This new environment is waaaayyyy less busy than my previous workplace, it's almost toooo boring for me, as someone who is so used in a fast pace, highly demanding job.

But, it's okay. The benefits far outweigh the cons. We just need to settle down as a family so I can become more domisticated, ehem.

Anyway,
I have an embarassing story to tell.

I caught someone redhanded talking bad about me, behind my back- literally/ figuratively!

So, I was at my desk, so he didn't realize I was there, as I was facing the PC. Yes, it's a guy yang membawang! And this happened on my second day of working here!

It wasn't long, because I think another guy was signalling that I was in the room, and he quickly left. I could hear what he was saying, spreading rumours about meeeee...

Initially, I was embarassed, because people might believe his story. So, I scolded my husband (poor guy). But, at the end of the day, I decided- why should I be embarassed. I didn't do anything wrong. He was the one who should be embarassed and apologize to me!

And if people want to believe his story, let them be. I will prove them wrong over time. I'm not here to make friends anywayyyy...

I am already at that age when I don't care what people think about me anymore.

Initially, I was hoping not to bump into that guy ever again. But, actually, he was the one who should be avoiding me! Dia dah malu kan sebab mengumpat I? Ke memang tak tau malu?

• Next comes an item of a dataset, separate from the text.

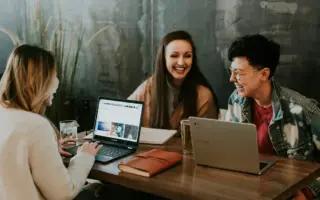 Curso preparatório para concurso de Técnico em Segurança do Trabalho: estudante revisando conteúdo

I wish I was like this 10 years ago.

Note- teach my kids not to care so much what people think about them and be happier.

Tuesday, January 7, 2020

Current mood: Obsessed with Niall Horan.

Was feeling melancholic after my last post, so decided to listen to the catchy songs I used to sing. Didn't realized I knew most of One Direction songs! (I knew the songs, but didn't know the singer)

Felt like a teenager and decided to have a crush on Niall, because he's just my type. He just makes me smile, for someone way younger than me. Haha.

Explored his solo songs and discovered I enjoy his latest songs too! Been singing them without knowing the artist. It is just meant to be, he and I...

So, yeah, I'm so late to be a fan, but whatever, I love him, mmuaah!

Saturday, January 4, 2020

4th day of 2020 and suddenly I'm feeling all depressed.

Depression is bad because it makes you forget about all the good things had happened and you should be grateful of.

The thing about me is- I think I can be better than I am. Like, I was once so good  at my job, it's just sad to see me ending up like this. I couldn't help but feel all those pity eyes looking at me- how could she end up like this. I had a bright future ahead of me. But other people have passed me, I'm so left behind now...

And nothing I can do about it. Because I am traumatised and I'm that person who you should not idolised, because I don't have the grit in me. I am not successful enough.

Sigh.

Anyway, on the other hand, because of all this, I have a lot more time to spend with the kids. I am always, always thankful of that. (But all other successful people also get to spend time with their kids, so I am not that special, you see. They can do it all, but not me).

Oh, well, this is my life. No complaints. It's okay. It's not that bad.

And for 2020,
I pray and wish
- to become a better Muslim
- to read more books (I've stopped reading leisurely a long, long time ago because I thought I needed to put my priorities straight. What a big mistake)
- to read Quran regularly, if possible, every day
- to understand the content of Quran. I never read the Quran translation, what a shame!
- to learn how to cook properly
- to make sure the house is complete

So, okay. That was short.

Writing is always good. It shifts your focus. Now, I am less depressed.